November 19, 2012: Allan B. Haberman, Ph.D. was quoted in an article in Chemical & Engineering News (C&EN) by senior editor Lisa M Jarvis. The article is entitled “Agios Takes A Long View In Cell Metabolism.”
The article focuses on Agios Pharmaceuticals’ (Cambridge, MA) strategy for building a platform company that can endure as an independent firm over a long period of time, and that can also demonstrate sustained performance. This contrasts with the recent trend toward “virtual biotech companies”–lean companies, which are designed for early acquisition by a Big Pharma or large biotech company. Agios’ goal is to dominate the field of cancer metabolism, and to discover and develop innovative drugs for both cancer and rare metabolic diseases based on its technology platform. Read full article.
For a commentary on issues raised by this C&EN article, see our Biopharmconsortium Blog.
April 13, 2012: Informa’s Scrip Insights announced the publication of a new book-length report, Advances in the Discovery of Protein-Protein Interaction Modulators, by Allan B. Haberman, Ph.D.
Protein-protein interactions (PPIs) are of central importance in biochemical pathways, including pathways involved in disease processes. However, PPIs have been considered the prototypical “undruggable” or “challenging” targets. The discovery of small-molecule drugs that can serve as antagonists or agonists of PPIs, and which are capable of being successfully taken into human clinical trials, has been extremely difficult. Nevertheless, over the last twenty years, researchers have developed a set of technologies and strategies that have enabled them, in a several cases, to discover developable small-molecule PPI modulators. One direct PPI agonist, the thrombopoietin mimetic eltrombopag (Ligand/GlaxoSmithKline’s Promacta/Revolade), has reached the market. Several other small-molecule PPI modulators are in clinical trials. Despite this progress, the discovery and development of small-molecule PPI modulators has been one-at-a-time, slow and laborious.

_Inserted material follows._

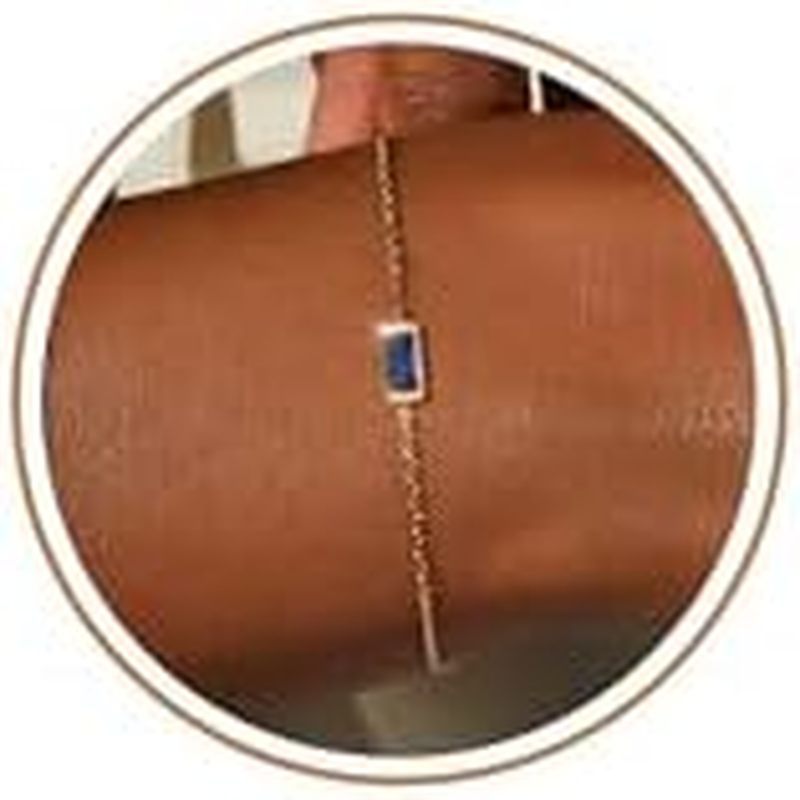 FUNEIA Birthstone Gold Bracelets for Women Non Tarnish Trendy Dainty 14K Gold Plated Bracelet Stack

This report discusses technologies and strategies that enable the discovery of drugs targeting PPIs, including both small-molecule and synthetic peptide modulators. It includes case studies on the discovery of compounds that address specific target classes, with emphasis on agents that have reached human clinical studies. This includes addressing the issue of the need to produce PPI modulatory agents that have pharmacological properties that will enable them to be good clinical candidates.

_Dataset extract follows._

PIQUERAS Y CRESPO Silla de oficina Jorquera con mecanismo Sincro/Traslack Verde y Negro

The report also includes discussions of second-generation technologies for the discovery of small-molecule and peptidic PPI modulators, which have been developed by such companies as Forma, Ensemble, and Aileron, and by academic laboratories. In part as the result of the development of these technologies, and of the increasing strategic importance of PPI modulator development, Big Pharma companies have been moving into the field. Examples include Bristol-Myers Squibb, Pfizer, Novartis, and Roche. A key issue is to what extent the new technologies for PPI modulator R&D will enable this area to be commercially successful, and to meet the strategic needs of the industry for expanding the universe of targets for which drugs can be developed.